++++ Supplied material ++++

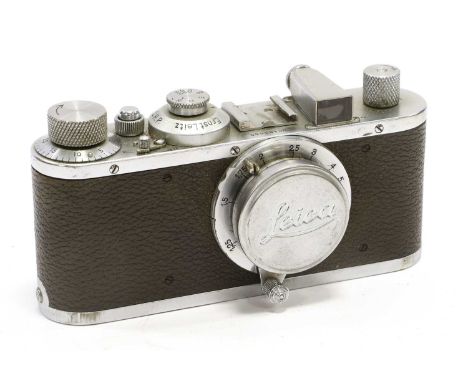 Leica I Camera no.183660, with Leitz Elmar f3.5 50mm lens, in leather case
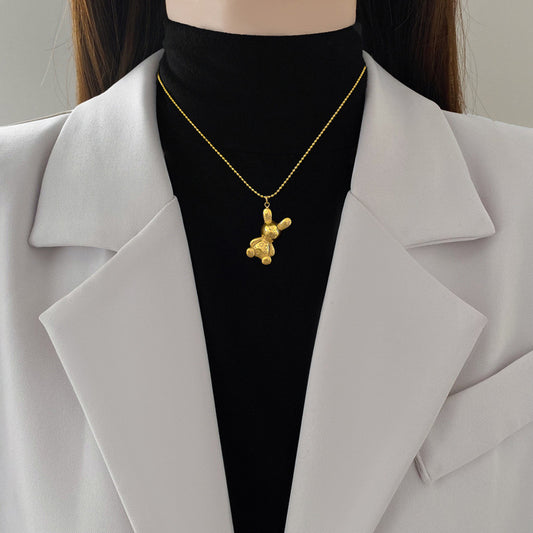 Collar conejo- acero inoxidable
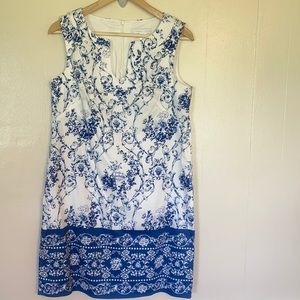London Times dress size 6 blue/white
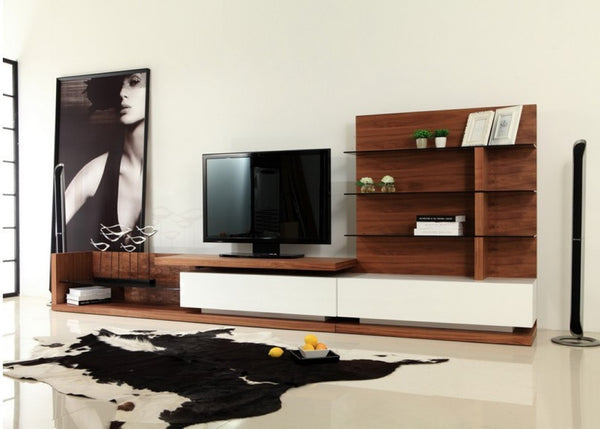VIG Furniture Jefferson Walnut & White High-Gloss Mid-Century Entertainment Center With Glass Shelves, Soft-Close Drawers, Reversible Configuration VGBB662N-WAL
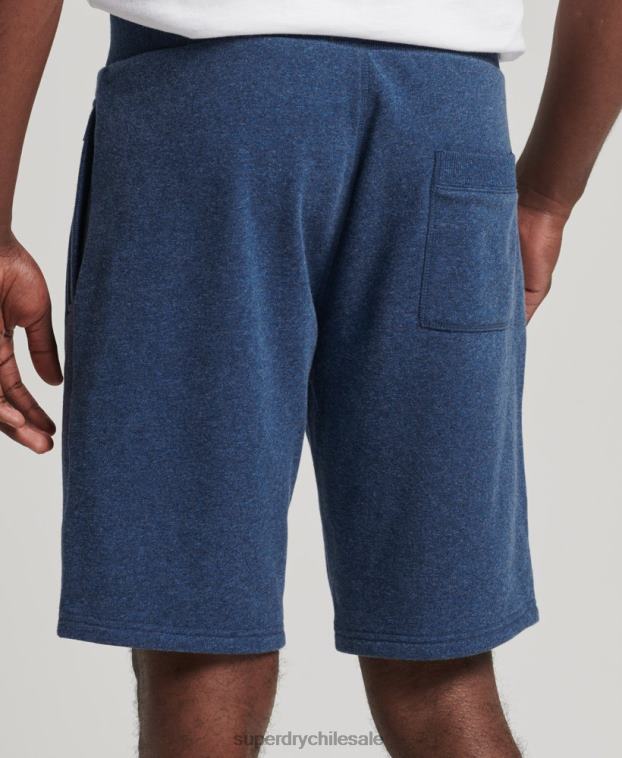 hombres Superdry azul shorts de algodón orgánico con logo vintage 2R68Z352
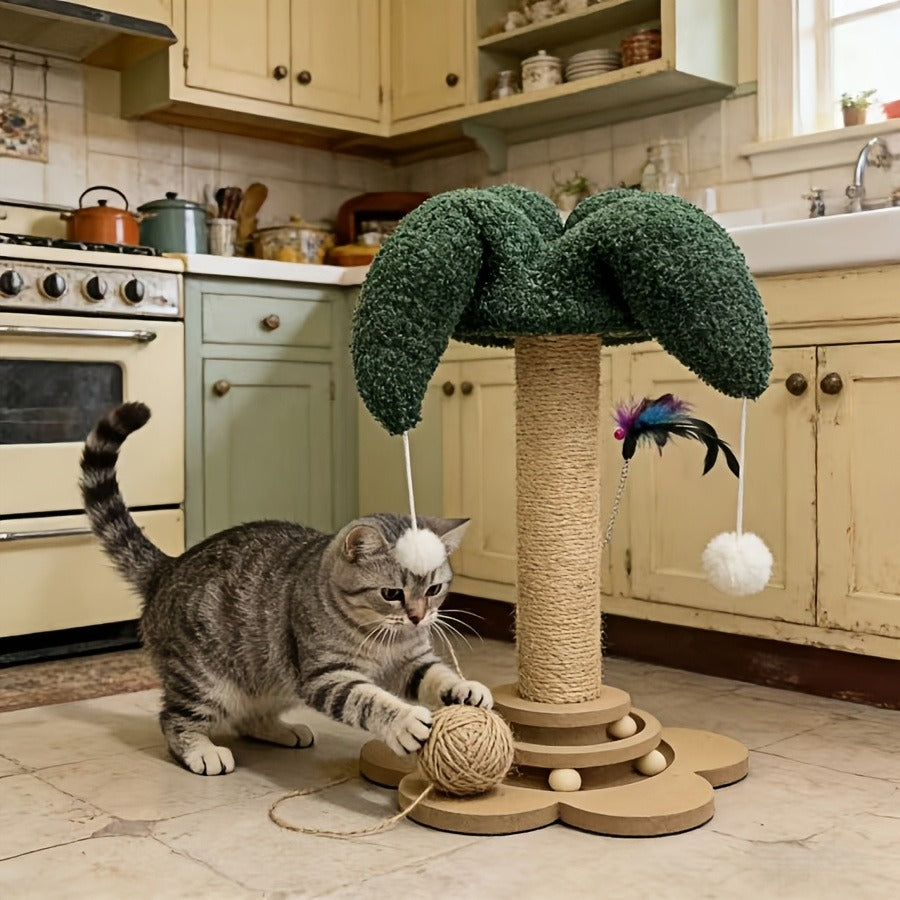 Cat Scratching Post Sisal Vertical Clown Hat Design, Wear-Resistant Cat Scratch Board with Cat Climbing Frame & Teaser Toy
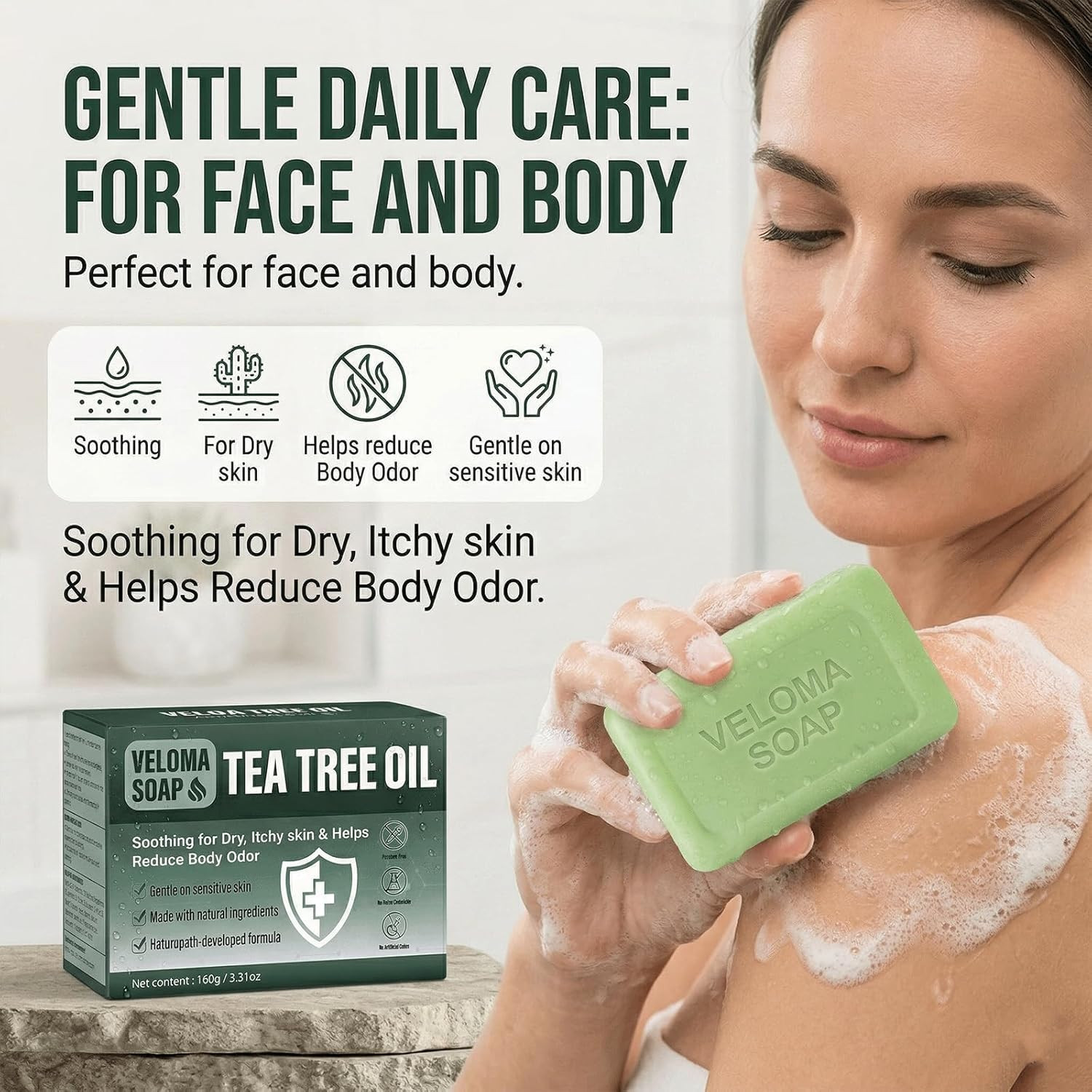 Veloma Antifungal Soap,Veloma Soap,Soothing Tea Tree & Eucalyptus, Deep Pore Cle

++++

**Try it**
Repeat each entry exactly as given; no pictures belong in the copy.

**Solution to the exercise**
 Leica I Camera no.183660, with Leitz Elmar f3.5 50mm lens, in leather case
 Collar conejo- acero inoxidable
London Times dress size 6 blue/white
VIG Furniture Jefferson Walnut & White High-Gloss Mid-Century Entertainment Center With Glass Shelves, Soft-Close Drawers, Reversible Configuration VGBB662N-WAL
 hombres Superdry azul shorts de algodón orgánico con logo vintage 2R68Z352
 Cat Scratching Post Sisal Vertical Clown Hat Design, Wear-Resistant Cat Scratch Board with Cat Climbing Frame & Teaser Toy
 Veloma Antifungal Soap,Veloma Soap,Soothing Tea Tree & Eucalyptus, Deep Pore Cle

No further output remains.